Unfortunately, this one-man storytelling fell somewhat short for me and I was left disappointed and, although I hate to say it, bored.

Orwell wrote the story in the 1940s as an explicit criticism of Soviet communism and dictator Josef Stalin, and it suggests that any revolution will be corrupted because nobody can resist the allure of power and privilege.

Animal Farm is a powerful story and still has relevance in today’s society.

Masterson’s interpretation has played at the Edinburgh Festival, in London’s West End and all over the world in the past 17 years, so I had high hopes.

Maybe my expectations were too high, but for me this interpretation just wasn’t compelling enough. I felt the show, at more than two hours, was too long and the set too bare, with just a wooden box adorning it and some occasional lighting and sound effects to create drama.
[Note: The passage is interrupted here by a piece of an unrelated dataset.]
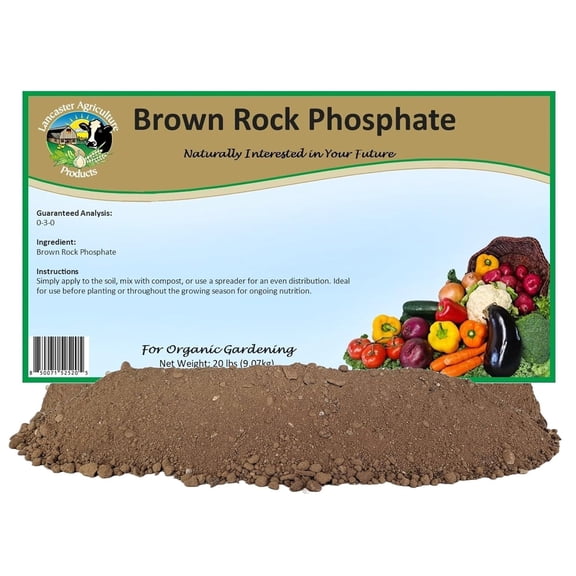 Brown Rock Phosphate 20 Pounds for Vegetable Gardens, Lawns, and Orchards. - Enhances Soil Quality and Supports Vigorous Plant Growth - Lancaster Agriculture Products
Masterson was skilful at recreating the many different characters and his portrayal of Squealer, the spin doctor pig who tries to convince the other animals that ruling pig Napoleon’s increasingly bullyboy tactics are in their best interests, is particularly strong.

But I didn’t think it really worked with just one man and I didn’t find it “hilariously comic” or “powerfully poignant”, as it has been described.

Many of the audience applauded enthusiastically at the end, so maybe I missed something.